Task: Your output should repeat the entries below exactly. It should contain no images.

----- Available records -----

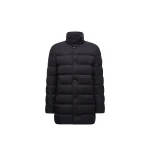 Moncler Vallonpierre Hooded Wool Long Down Jacket in Night Blue | Men's Coats | Coveti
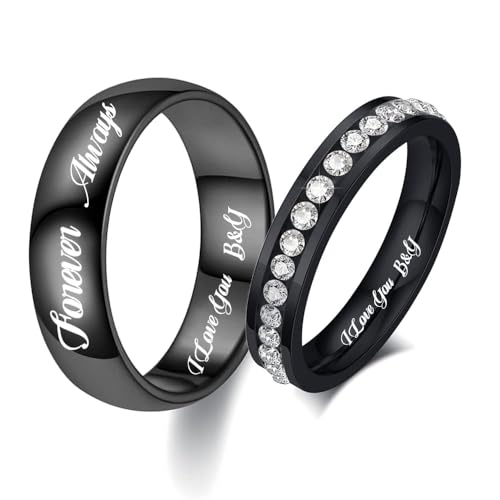 Personalisierter Ring Schwarz Eheringe Edelstahl Set,Pärchen Ringe Mit gravur Paar Eheringe Partnerringe Verlobungsringe für Frauen,Wolfram Männer Ringe Größe 49 bis 70 (Schwarz Ring für Paare) von LeosHi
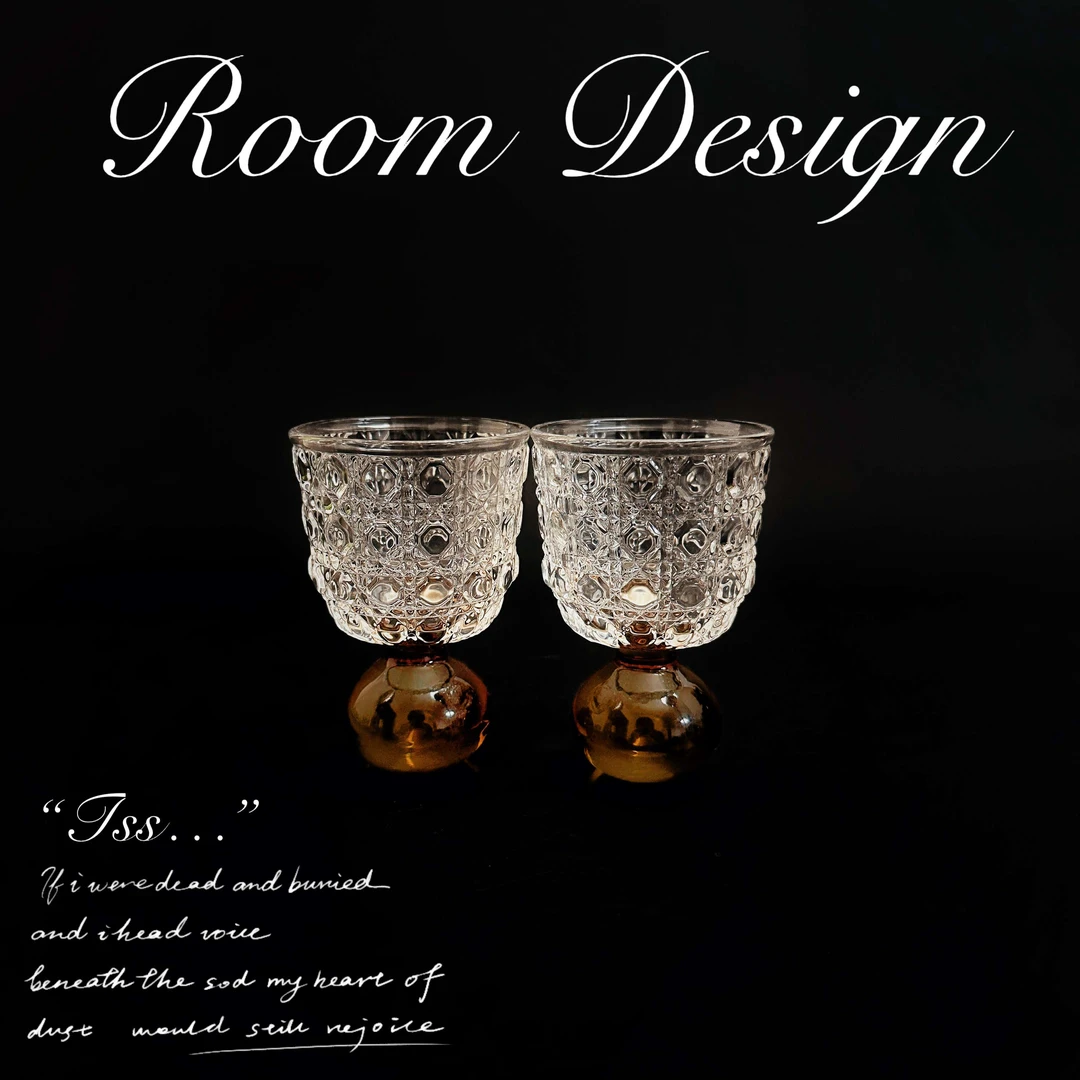 100mL拍一发二宝石纹玻璃杯星球高脚杯小酒杯果茶杯果汁杯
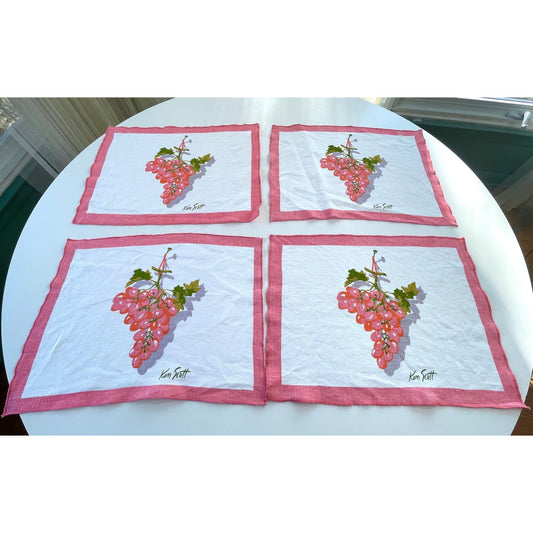 Vintage linen napkins, set of 4, designed by Ken Scott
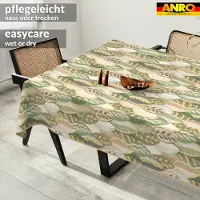 ANRO Tafelkleed Griekse ornamenten Beige 240x140cm Met sierband Afwasbaar Waterafstotend
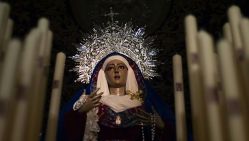 Une statue de la Vierge Marie près de Séville, le 31 mars 2022. © D. R.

-----

The answer:
 Moncler Vallonpierre Hooded Wool Long Down Jacket in Night Blue | Men's Coats | Coveti
 Personalisierter Ring Schwarz Eheringe Edelstahl Set,Pärchen Ringe Mit gravur Paar Eheringe Partnerringe Verlobungsringe für Frauen,Wolfram Männer Ringe Größe 49 bis 70 (Schwarz Ring für Paare) von LeosHi
 100mL拍一发二宝石纹玻璃杯星球高脚杯小酒杯果茶杯果汁杯
 Vintage linen napkins, set of 4, designed by Ken Scott
 ANRO Tafelkleed Griekse ornamenten Beige 240x140cm Met sierband Afwasbaar Waterafstotend
 Une statue de la Vierge Marie près de Séville, le 31 mars 2022. © D. R.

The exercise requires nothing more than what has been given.